Lahaina’s long recovery from the August 2023 wildfires is getting a new kind of support hub on the ground. Construction crews have broken ground on a mass timber “Bunkhouse” that will house volunteers working to rebuild the town, a project organizers describe as both a practical fix and a test bed for faster, greener post-disaster housing. The building was designed by Hawaiʻi Off Grid Architecture + Engineering for Habitat for Humanity Maui, with crews expecting to wrap construction in roughly four months and aiming for a target completion in August 2026.
The single-building Bunkhouse is being promoted as the first mass timber home built for Habitat for Humanity anywhere, and its parts are engineered to ship and assemble quickly. According to Maui Now, the design relies on veneer-laminated timber walls and glue-laminated timber roof panels laid out on a four-foot module so panels can be treated for termites before they ever hit the site and stacked efficiently for transport. That flat-pack approach, project leaders say, is central to delivering permanent, resilient housing faster and at lower cost after disasters.
Design and modular assembly
Hawaiʻi Off Grid, the Maui-based architecture and engineering firm behind the concept, describes the Bunkhouse as a proof-of-concept for prefabricated mass timber construction tuned to island conditions. The firm says its team brings more than 60 years of combined experience and two decades of work focused on remote, sustainable solutions, with roughly 30% of its projects dedicated to community efforts, per Hawaiʻi Off Grid. The company also points to earlier local rebuild work, such as 'Ohana Hope Village, as part of a broader push to pair off-grid systems with low-carbon building materials.
Partners and local impact
Industry group WoodWorks backed the design, and its leadership said the project shows how mass timber can “strengthen post-disaster rebuilding,” according to Maui Now. Matt Bachman, executive director of Habitat for Humanity Maui, told the outlet the Bunkhouse will let the nonprofit substantially expand volunteer capacity in Lahaina, with every added volunteer helping move another family closer to getting back home. Project organizers say the building is intended to function as a staff house where crews and volunteers can sleep and eat between shifts at nearby rebuild sites.

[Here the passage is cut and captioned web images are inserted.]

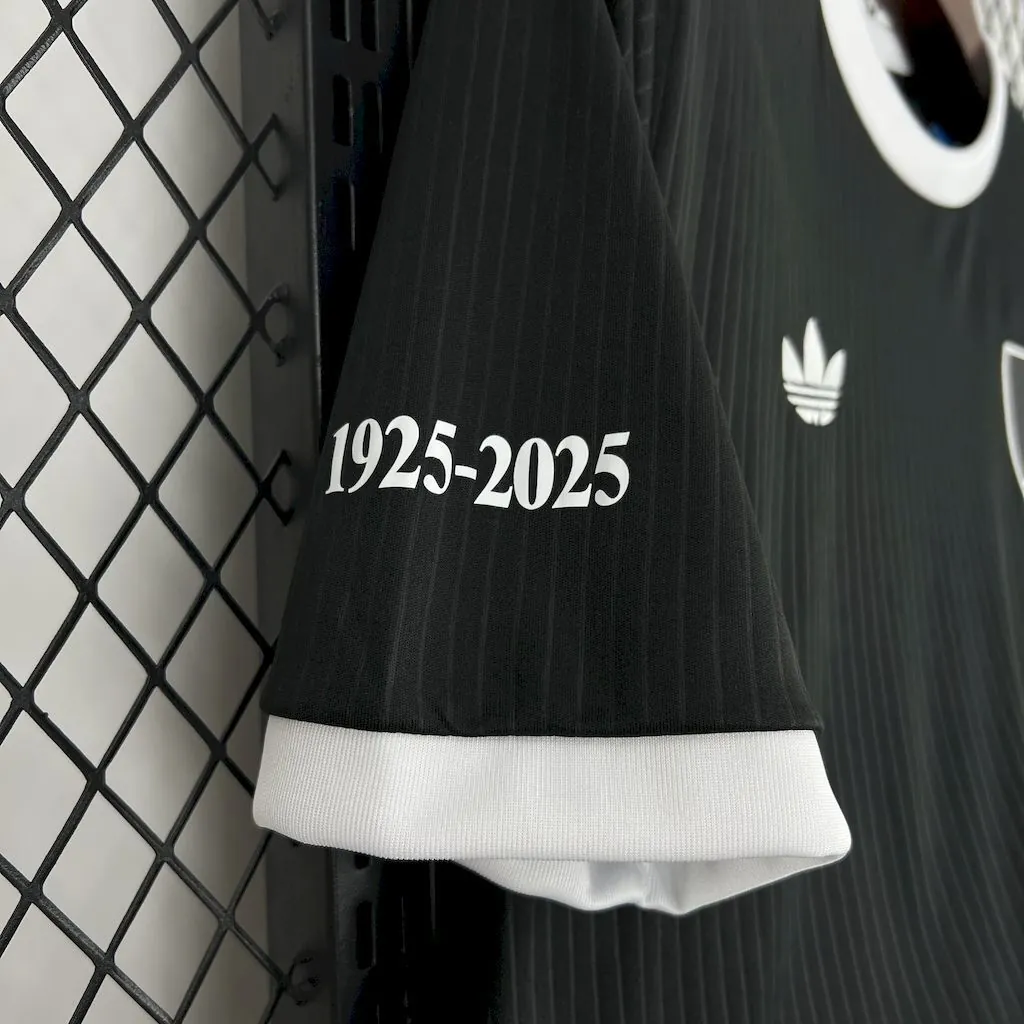 25-26 Colo Colo 100th Anniversary Black Special Edition Shirt Soccer Uniform AAAAJersey Supply 2
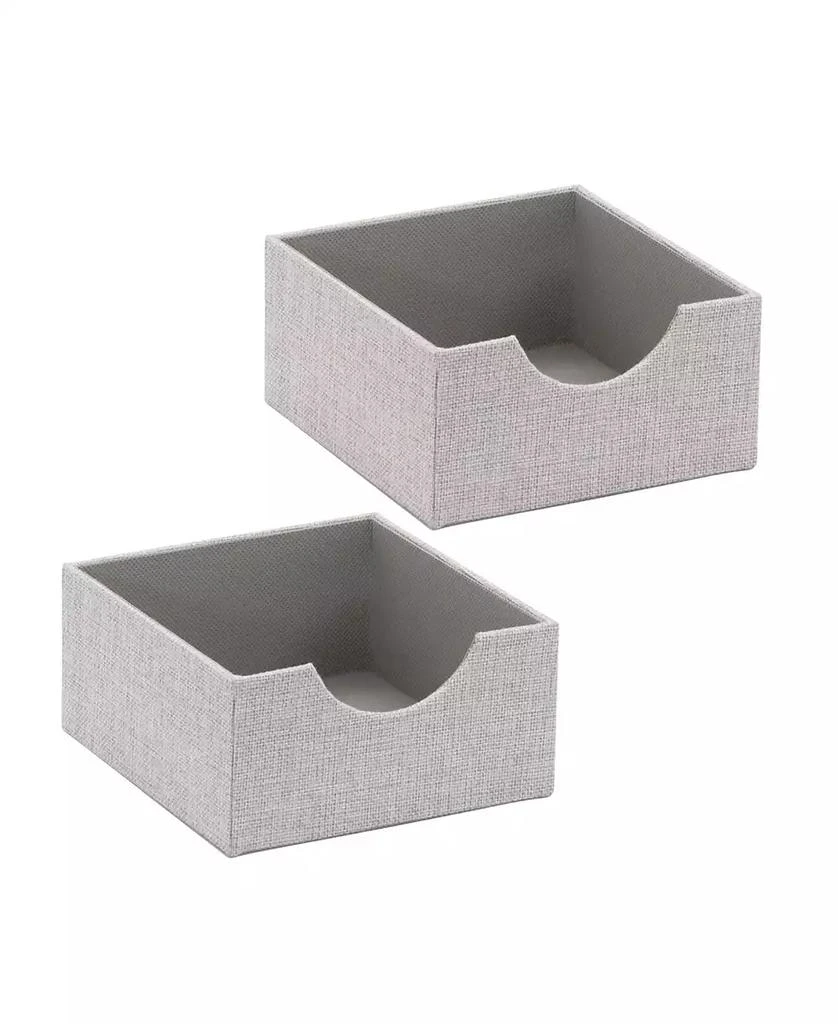 商品Household Essentials|Household Essential Square Organizer Tray 2 Pack,价格¥317,第1张图片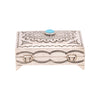 Navajo Silver Trinket Box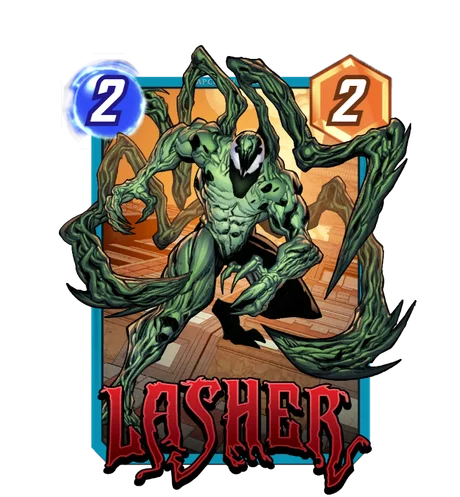 Lasher Marvel Snap card art
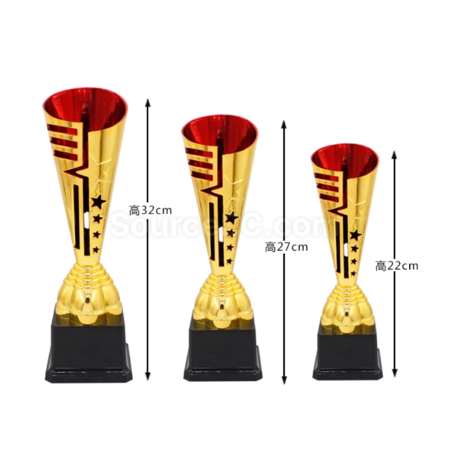 Customization Plastic Trophies Promotional Products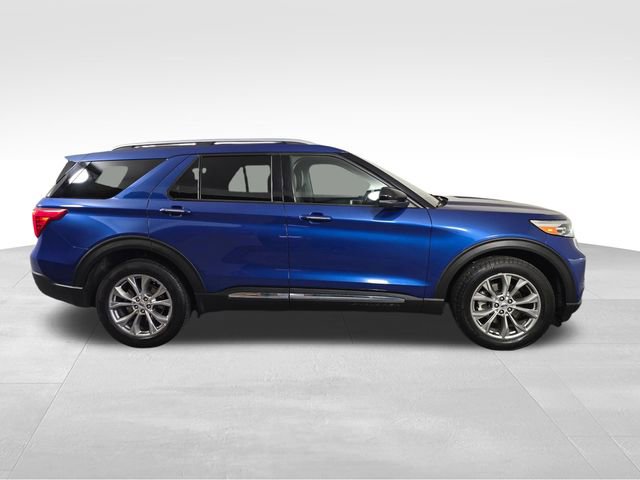 Certified 2022 Ford Explorer Limited w/ Equipment Group 301A AWD/4WD image 8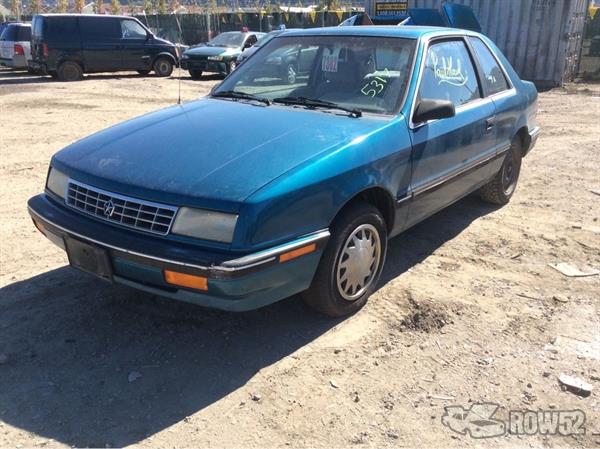 1990 Plymouth Sundance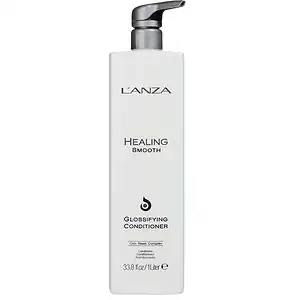 Après-shampooing Lanza Healing Smooth pour cheveux lisses et soyeux, 1 litre.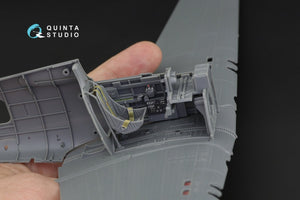 Quinta Studio QD32132 P-40B 3D-Printed &amp;amp; coloured Interior on decal paper (GWH) 1/32 – imagen 10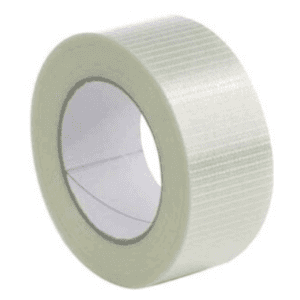 a roll of white tape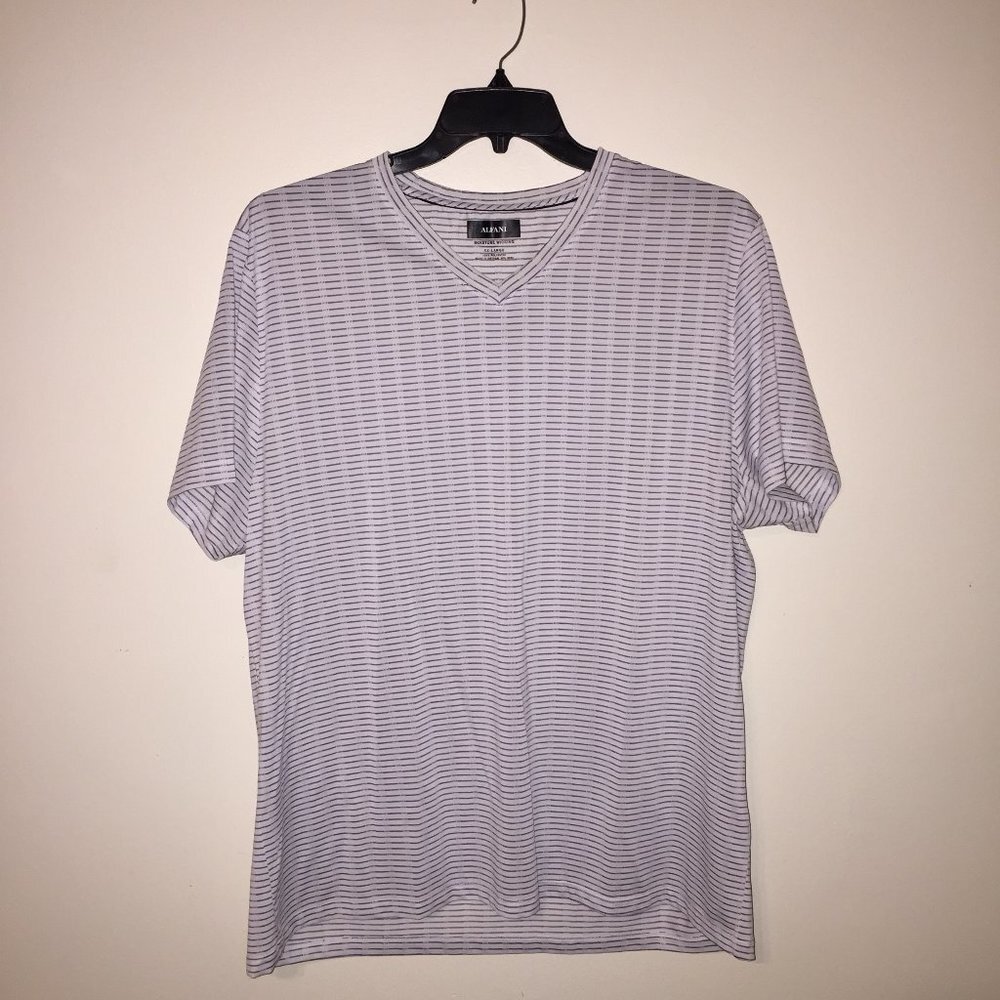 Alfani Moisture Wicking V-Neck XXL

Why mass timber matters for Maui
Supporters of mass timber say it offers several advantages that fit Maui’s needs. Large engineered panels can accelerate construction, cut down on on-site waste and store carbon compared with concrete and steel. Hawaiʻi Off Grid’s write-up on mass timber notes that prefabrication and a modular panel system can reduce labor time on site and improve fire performance through predictable charring behavior, factors that matter in wildfire-prone areas such as West Maui. If the Bunkhouse prototype performs as hoped, designers say the same strategy could be scaled up for permanent, affordable homes across the island.
For now, the Bunkhouse is modest in size but big in ambition. The goal is to turn volunteer logistics into a repeatable construction playbook that blends speed, sustainability and local know-how. Builders say they are aiming for more than a single shelter. They want a tested model that can shape how Hawaiʻi rebuilds after future disasters.